> **The problem**: Here is a block of entries. Write out its lines exactly, from the first through the one containing "TIGER CT-99 Chromatic".

> **Input**:
BEGIN
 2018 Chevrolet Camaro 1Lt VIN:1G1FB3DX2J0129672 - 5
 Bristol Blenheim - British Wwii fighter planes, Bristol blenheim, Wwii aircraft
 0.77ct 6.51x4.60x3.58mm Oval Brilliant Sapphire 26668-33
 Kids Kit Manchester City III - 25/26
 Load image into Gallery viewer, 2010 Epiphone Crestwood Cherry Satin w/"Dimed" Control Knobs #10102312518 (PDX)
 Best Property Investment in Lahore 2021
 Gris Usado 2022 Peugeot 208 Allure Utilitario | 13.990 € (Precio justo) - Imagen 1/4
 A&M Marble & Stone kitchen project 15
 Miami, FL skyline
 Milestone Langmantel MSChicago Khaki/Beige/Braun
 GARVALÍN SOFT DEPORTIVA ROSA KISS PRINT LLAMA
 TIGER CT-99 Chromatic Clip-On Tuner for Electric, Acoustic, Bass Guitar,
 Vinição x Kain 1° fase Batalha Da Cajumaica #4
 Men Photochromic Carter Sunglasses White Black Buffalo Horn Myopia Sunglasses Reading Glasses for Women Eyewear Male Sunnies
END
> **Task solution**:
 2018 Chevrolet Camaro 1Lt VIN:1G1FB3DX2J0129672 - 5
 Bristol Blenheim - British Wwii fighter planes, Bristol blenheim, Wwii aircraft
 0.77ct 6.51x4.60x3.58mm Oval Brilliant Sapphire 26668-33
 Kids Kit Manchester City III - 25/26
 Load image into Gallery viewer, 2010 Epiphone Crestwood Cherry Satin w/"Dimed" Control Knobs #10102312518 (PDX)
 Best Property Investment in Lahore 2021
 Gris Usado 2022 Peugeot 208 Allure Utilitario | 13.990 € (Precio justo) - Imagen 1/4
 A&M Marble & Stone kitchen project 15
 Miami, FL skyline
 Milestone Langmantel MSChicago Khaki/Beige/Braun
 GARVALÍN SOFT DEPORTIVA ROSA KISS PRINT LLAMA
 TIGER CT-99 Chromatic Clip-On Tuner for Electric, Acoustic, Bass Guitar,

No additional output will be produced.